I left work yesterday and was travelling along at a nice speed and I look up and see my Redline completely dark. I knew this was bad because I have it hardwired into my fuse box to come on when my vehicle starts.
I pressed the power button and it came on and said low voltage and then it turned itself off again. I did this a few times and it kept doing the same thing over and over. Finally, it stayed on and I remembered that you could set the Redline to display the vehicle's voltage.
I looked at it and it would go anywhere from 12.6 all the way down to 10 and then it would display low voltage and shut down. I just got a new battery in my vehicle so I ruled that out and I started thinking that it was the alternator even though most alternators last more than 5 years in a vehicle with less than 60k miles.
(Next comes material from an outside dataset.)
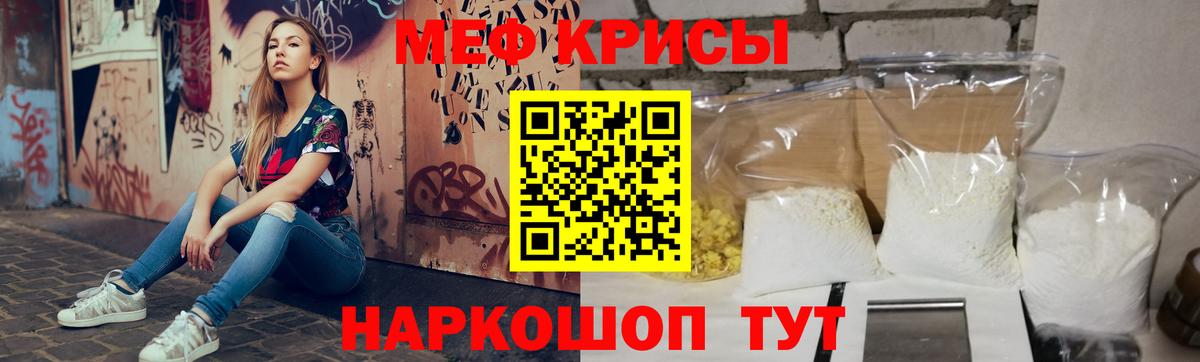 МЕФ мука Кимры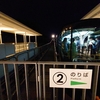 稲佐山からの夜景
I got home and unplugged my hardwire and plugged a coily cord directly into the lighter to see if it was my Redline or my vehicle that was having issues. I drove around with my A/C on full blast, radio on, and moving my electric windows up and down to see if it would affect the Redline's voltage display. It stayed locked in at 13.5 for most of the time and it went down to 13.3 once, but then it went back to 13.5.
The good news is that it's not my Redline, battery, or my alternator. The bad news is that, for some reason, my hardwire does not supply a constant source of electricity to my Redline. I am anal when it comes to wiring up my electronics so what could be the problem?
I could understand if there was a short where the radar detector turns itself on and off when going over bumps or something. I just don't understand why the connection seems good, but the voltage goes up and down on my hardwire connection.
I have to give props to Escort for making a hell of a detector with a very useful voltage display. If I didn't have the voltage display, I would probably be going to AutoZone to have them check my battery and alternator. After seeing its usefulness, Escort should take the next step and make the Redline announce low voltage or make a beeping noise if it reaches a certain voltage so that people will know that they are not protected when it goes silently dark.